Ma accanto al commercio legale di animali selvatici, c'è un gemello oscuro: il commercio illegale di animali selvatici. Uccelli in via di estinzione con pochissimi rimasti in natura. Corni segati dai rinoceronti colpiti. Il commercio illegale di animali selvatici è una piaga. Mette ancora più pressione sulla natura, aumenta la perdita di biodiversità e minaccia la biosicurezza, lo sviluppo sostenibile e il benessere umano a livello globale.

Nella nostra nuova ricerca, abbiamo sondato il dark web, la sezione segreta di Internet creata deliberatamente fuori dalla vista dei motori di ricerca. La maggior parte delle persone associa il dark web ai mercati delle droghe illecite. Volevamo vedere quali tipi di fauna selvatica venivano venduti lì.

Il risultato? In 51 mercati del dark web, abbiamo trovato 153 specie vendute. Si trattava quasi interamente di piante e funghi con effetti psicoattivi, il che indica che fanno parte del noto traffico di droga del dark web. C'era solo un piccolo numero di pubblicità che offrivano vertebrati come il famigerato rospo del fiume Colorado, che deve affrontare la pressione del bracconaggio perché la sua pelle secerne tossine psicoattive come difesa.

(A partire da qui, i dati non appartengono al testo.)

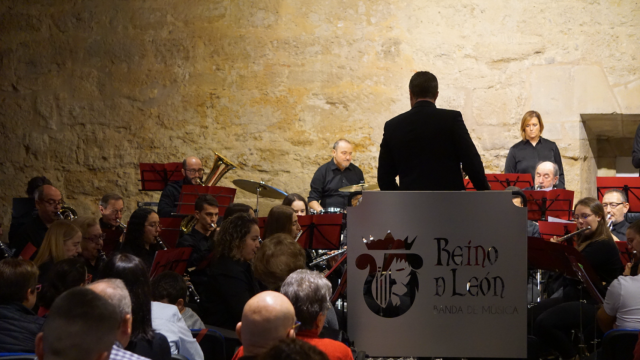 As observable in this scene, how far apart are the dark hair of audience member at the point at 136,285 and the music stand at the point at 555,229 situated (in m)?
2.92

Perché i commercianti di fauna selvatica illegale non usano il dark web? Principalmente perché il commercio di animali e parti di animali scambiati illegalmente non è nascosto, ma avviene ovunque su Internet. Ad esempio, la tossina kambo della rana usata nel rituale che ha ucciso una donna Mullumbimby nel 2019 è ancora venduta apertamente.

Cosa viene venduto sul dark web?
Tra il 2014 e il 2020 abbiamo trovato oltre 3.000 annunci di vendita di specie selvatiche sui mercati del dark web. Abbiamo cercato in questi mercati parole chiave relative al commercio di specie selvatiche e ai nomi delle specie.

Cosa era in vendita? Delle 153 specie che abbiamo trovato, abbiamo verificato che 68 contenevano sostanze chimiche psicoattive.

La specie più comunemente commercializzata era un albero sudamericano Mimosa tenuiflora, comunemente noto come jurema preta, la cui corteccia contiene un allucinogeno estremamente potente, il DMT. Le piante costituivano la maggior parte delle specie vendute, molte delle quali provenienti dall'America centrale e meridionale.

Abbiamo anche trovato in vendita 19 specie di funghi Psilocybe.

Molte specie venivano vendute per le loro presunte proprietà mediche, così come un piccolo numero di specie vendute per abbigliamento, decorazioni o come animali domestici.

Molti degli animali che abbiamo trovato nel dark web hanno una lunga storia di commercio illegale, come i pappagalli grigi africani vivi, così come l'avorio di elefante, il corno di rinoceronte, i denti e le pelli di tigri e leoni.

Abbiamo anche trovato piccole quantità di animali selvatici meno comunemente documentati, tra cui lo scarabeo Golia, lo scorpione dorato cinese e il cetriolo di mare giapponese.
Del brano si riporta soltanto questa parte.